Person two: “I’m fine, how are you?”
Person one: “I’m fine, thank you.”
Person one and two: Depart and go about their days
How often have you had this exact conversation with someone? Like the rest of us, it’s likely been so many times that you couldn’t count them if you wanted to.
How it is that being “fine” has become our standard greeting with each other? This greeting has become so customary that we simply state it without thinking about it. And it means so little anymore. Often we even move so quickly through this small talk that someone could say they are fine, yet have tears in their eyes, and we wouldn’t notice.
All of us seem to be fine all of the time. But we are not. Sometimes we are broken, offended, depressed, hurt, sick, and sometimes so completely shattered that we are barely hanging on. Urban dictionary say’s “I’m fine” is “one of the biggest white lies anyone could say.”

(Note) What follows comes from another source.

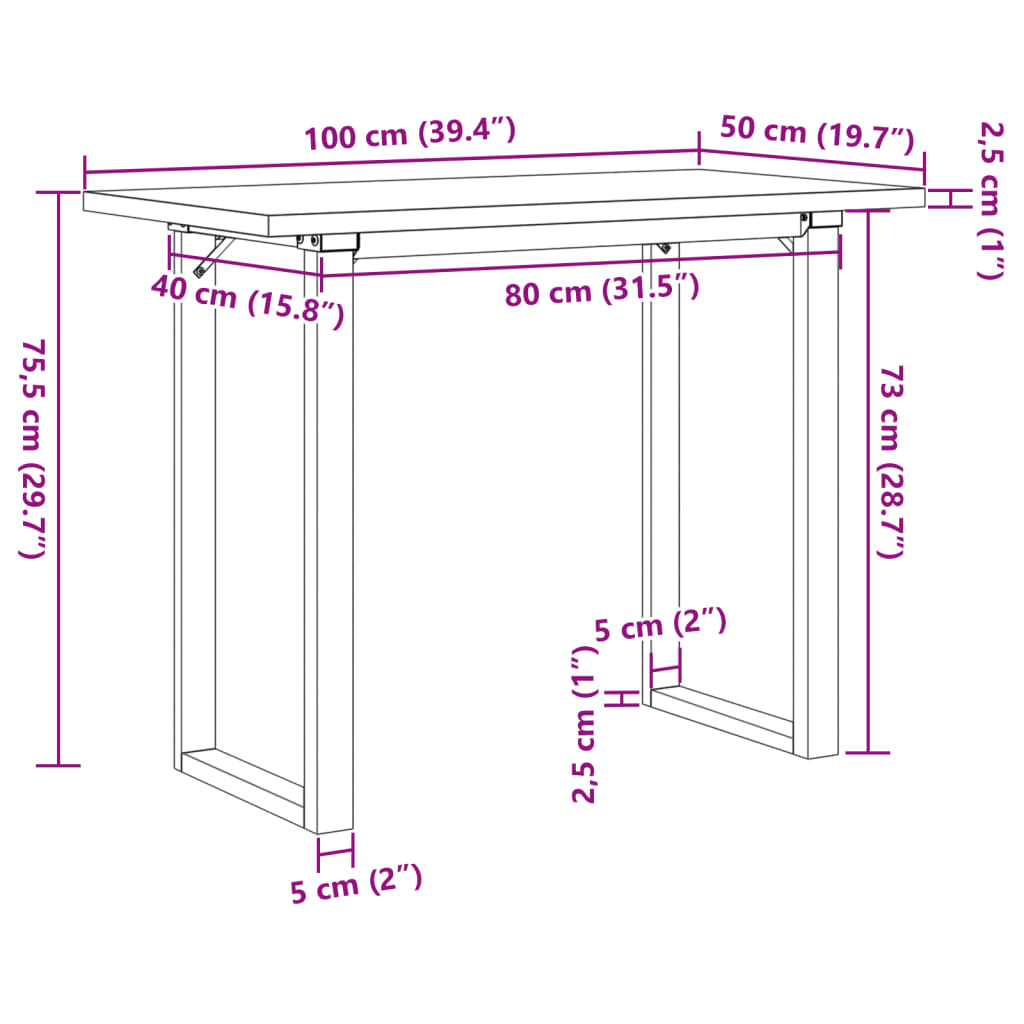 vidaXL Mesa comedor marco O madera maciza pino y hierro 100x50x75,5 cm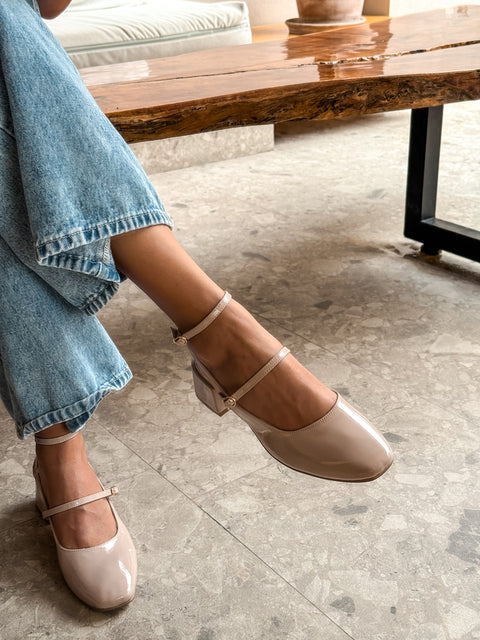 Mia Heels Mary Jane Tacón mini Nude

Another way of saying “I’m fine” might be “I’m doing great.” Have you been doing great the hundreds, perhaps thousands, of times you’ve answered with “fine?” In this drive-thru, microwave, ATM, Twitter world, we often move so fast that we fail to stop and really pay attention to the person right in front of us … or even to ourselves.
I totally understand there are times when it may not be the right time or even appropriate to dump all of our problems on someone. We could be in a professional setting where it wouldn’t be prudent to break down in tears. Or we think that if we share our issues it will look like we are weak simply seeking sympathy. Maybe we don’t want to admit to others that something is wrong. And surely a complete stranger on an elevator would feel totally out of place if we started crying out of the blue.

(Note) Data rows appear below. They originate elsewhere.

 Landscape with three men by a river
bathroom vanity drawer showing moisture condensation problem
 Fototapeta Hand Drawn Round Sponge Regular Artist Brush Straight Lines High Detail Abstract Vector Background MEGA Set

Yes, there are times when we really are doing great. Yet, when we aren’t, when would it be appropriate to share what’s going on with someone else and seek advice, counsel, prayer, or even just a listening ear?

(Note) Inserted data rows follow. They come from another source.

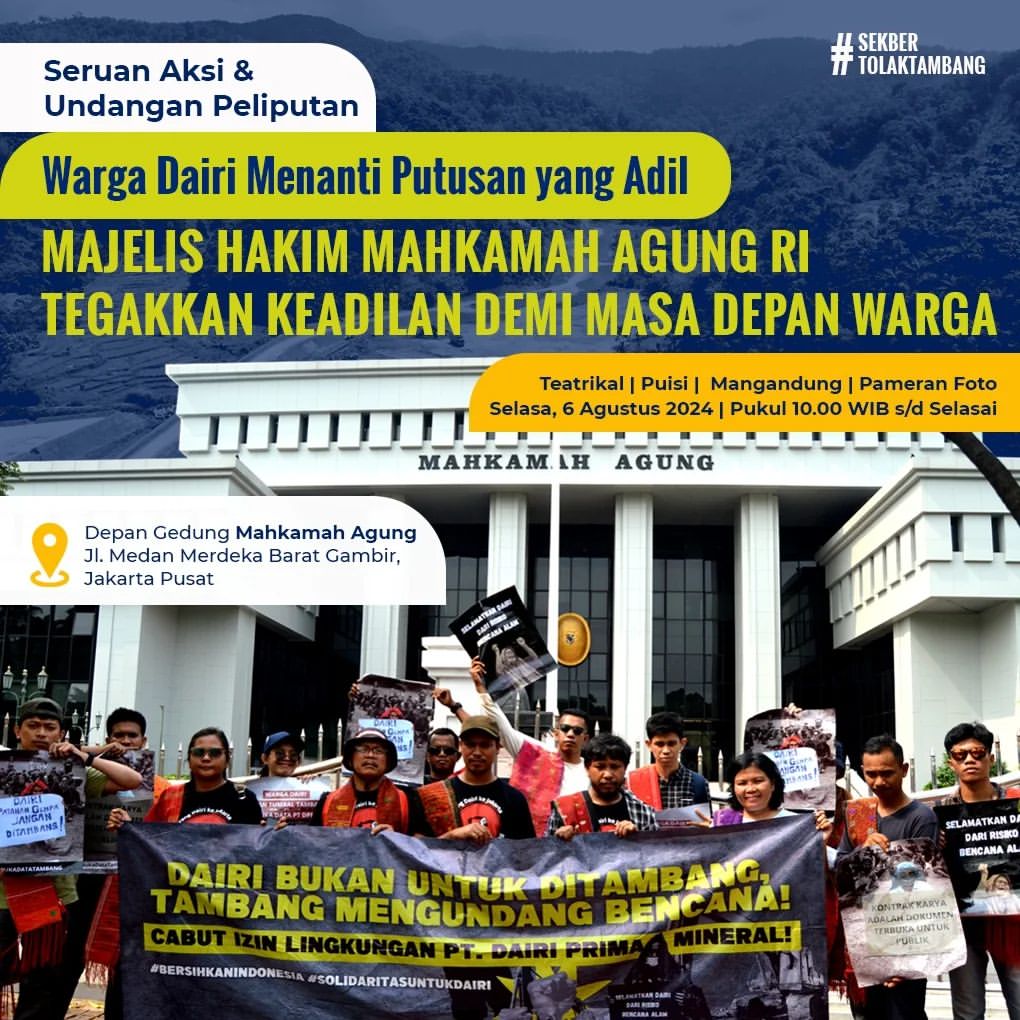 Warga Dairi Mengajukan Kasasi ke Mahkamah Agung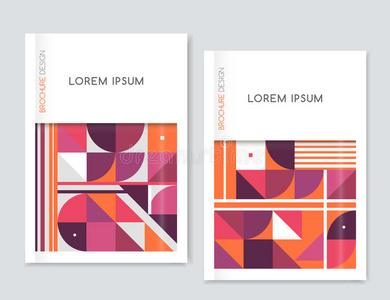 小册子传单封面设计。 抽象的几何背景。 粉红色，橙色，白色，灰色三角形，正方形和圆圈。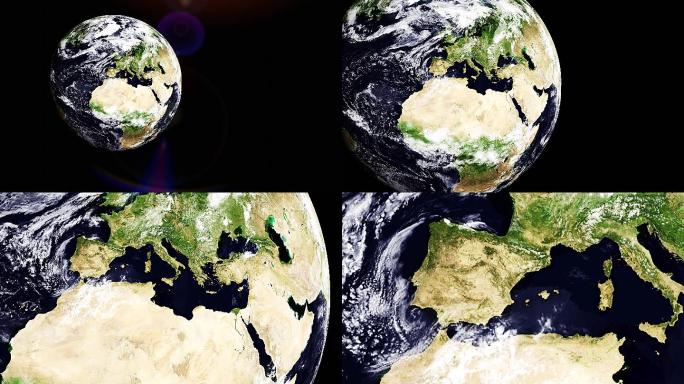 地球放大到西班牙-3d动画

I don’t mean to be pointing the finger because I am as guilty of this as anyone. There have been times I was really struggling, even holding back tears, when friends, even family, have asked how I am and guess how I responded. You got it. I said “I’m fine” … although I was nowhere close to doing great.
One of the best lessons I’ve learned through my Joneses Journey is the more deeply, authentically, and intimately I communicate with someone, the more that person feels safer to reciprocate in the same way with me. And the resulting conversations mean so much more than simply talking about the weather, sports, or shopping.
So now I take more risks in getting to truly know the people in my life. As each day passes, I have less and less time in this one life I’ve been given. I don’t know how much time I have but I sure don’t want to spend any of it in superficial conversations with family, friends, clients, or others that I know well.
What about you? Are you ready to take some risks (small ones at first) and actually get to know that person at church that you’ve been sitting in the same row with for a year or that co-worker just three cubicles away? I can promise that you will not regret stepping out if you do so in an appropriate, loving, and sincere way.